Marcus looked at his desk. The reports neatly piled in one corner. The coffee cup with the company’s logo on it. The cubicle walls where print outs and notices were pinned. Even the wall paper on his computer’s desktop with it’s plain company logo. 

The whole environment made a statement. Or several statements. 

“The person who works here has no personality.” 

“This desk is for a piece of the corporate machinery, not a person.”

“The man who sits here is afraid to show his real self, even to the people he works with every day”.

Or maybe especially to the people he worked with every day.

By all rights, the person who sat at Marcus’s desk should have been the type of person to dutifully inform his corporate overlords about the new development with Hailey and allow them to work out what the official response would be. 

Marcus wasn’t sure where that man had gone. It was possible he’d never really been that man. That his isolation and lack of personality had been an artifact of the demands the system placed on him.

He had to be the boss. He had to be impartial. He had to enforce the company’s mandates, even when they were ill considered and abusive. If he didn’t then all of the progress he’d made, all the security he’d achieved, would all be taken away.

“Now that the whole world is falling apart though, I guess none of that matters anymore,” Marcus said to no one in particular.

There were still support reps hard at work. Just because the crisis was close to a day old didn’t mean they’d made any real headway on bringing the players together or establishing clear lines of communication. 

If anything the players themselves were more on the ball about that, and the EE support team was largely riding on their coattails, offering what assistance they could, or rather what assistance their management would allow them to offer.

“I’ve got Miguel looking at the server logs,” Marcus said, speaking into a team chat channel and hearing the impossible in reply.

“Good, I don’t know what you’ll need to look for, but hopefully there’s something weird there that can act as a lead,” Burnt Toast said.
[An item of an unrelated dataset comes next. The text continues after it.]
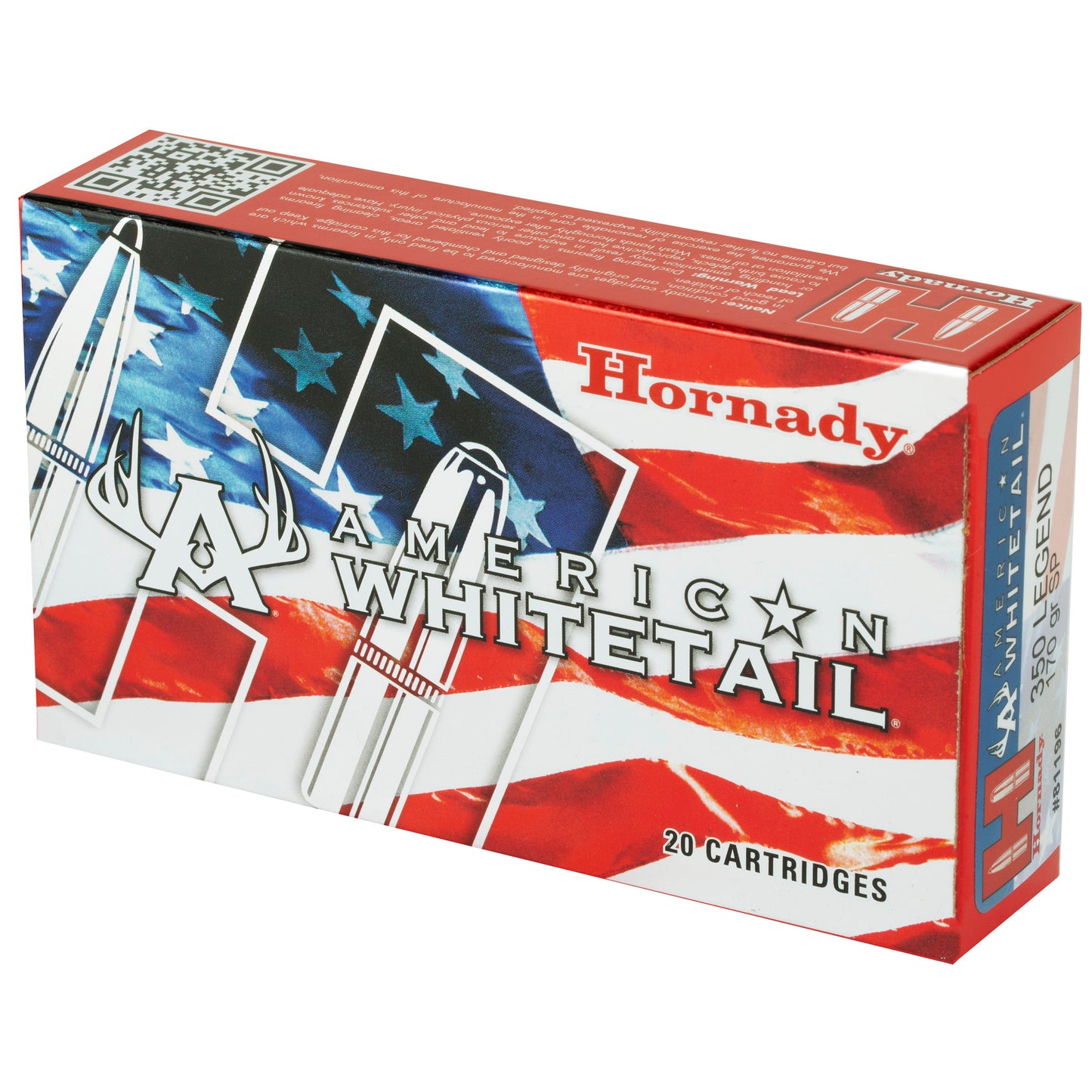 Hornady American Whitetail .350 Legend 170 Grain InterLock Bullets (20 Pack)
Burnt Toast, who was also Hailey MacGilfoyle, but who really was the adventurer known at Burnt Toast.

“You sound like you’ve stabilized some,” Marcus said.

“Yeah. I’m…I’m…I’m…holding it together,” Burnt Toast said with a burst of static in between her words. “Mostly.”

“What is happening to you?” Marcus asked. He didn’t expect an answer.

“I don’t know, but it doesn’t seem to be getting worse, so that’s…” she grunted and fought to regain control of her voice before something unwanted slipped out. “Good,” she finished.

“Can you augment her actions at all Marcus?” Mellisandra asked. Mellisandra who was another character within the game. Mellisandra who had a player behind her, but who, again, was also her own person. In fact from what Marcus could tell, he had only spoken to Mellisandra so far. The fictional person with no AI behind her at all had help a short but informative conversation detailing some of things she’d discovered by interacting with her player. 

“No, her screen is completely blank,” Marcus said. “It was fine until I tried to touch the controls, and then poof everything was gone.”

“Its okay Marcus,” Hailey said. Her voice was so similar to Burnt Toast’s but without any effort Marcus knew which of the two he was speaking to. “I think we’re already in an [Inspired] state. There’s probably no additional benefit we’d get from you directing our moves. And it would be a bit creepy.”

“Oh yeah, cause nothing else about this is creepy.”

“I think there may be something far more important Marcus can do for us, if he’s willing,” Glimmerglass said.

“I’m all in on this,” Marcus said.

“I think you need to speak with our [Grand Strategist] then,” Glimmerglass said. “You may not have made this world, but you and the people there know what it’s secrets are, and what secrets the Consortium holds. Give that to us and you’ll give Penswell the most powerful weapon she could ever wish for.”